#### Recorded data
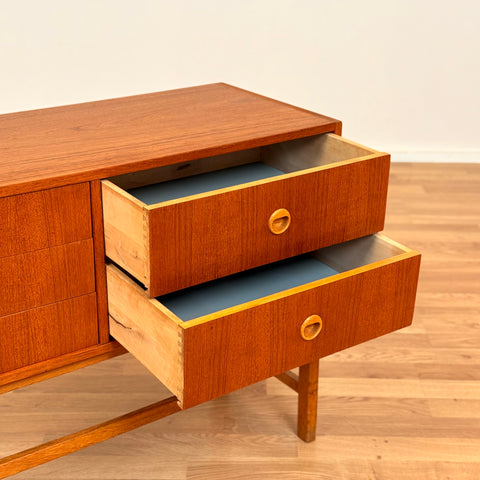 Chest of drawers in teak & beech, 1950s-60s, Sweden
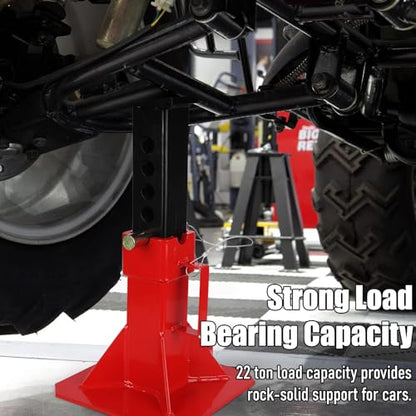 22 Ton Jack Stands, Heavy Duty Pin Type Jack Stand Pair with Safety Lock for Trucks, Trailers and Heavy Equipment Stands, Adjustable Height up to 19", 44,000 lbs Load Capacity, Red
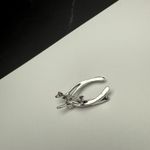 Vintage Double Wishbone Brooch Pin Silver Tone Blue Rhinestone Faux Pearl Lucky Photo 9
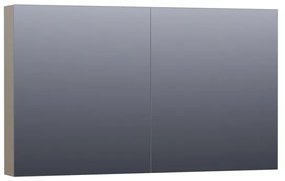 BRAUER Dual Spiegelkast - 120x70x15cm - 2 links- rechtsdraaiende spiegeldeur - MDF - hoogglans taupe 7154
########
» Task goal
Set down the data above word for word, leaving every picture out.

» Exercise output
 Chest of drawers in teak & beech, 1950s-60s, Sweden
 22 Ton Jack Stands, Heavy Duty Pin Type Jack Stand Pair with Safety Lock for Trucks, Trailers and Heavy Equipment Stands, Adjustable Height up to 19", 44,000 lbs Load Capacity, Red
 Vintage Double Wishbone Brooch Pin Silver Tone Blue Rhinestone Faux Pearl Lucky Photo 9
 BRAUER Dual Spiegelkast - 120x70x15cm - 2 links- rechtsdraaiende spiegeldeur - MDF - hoogglans taupe 7154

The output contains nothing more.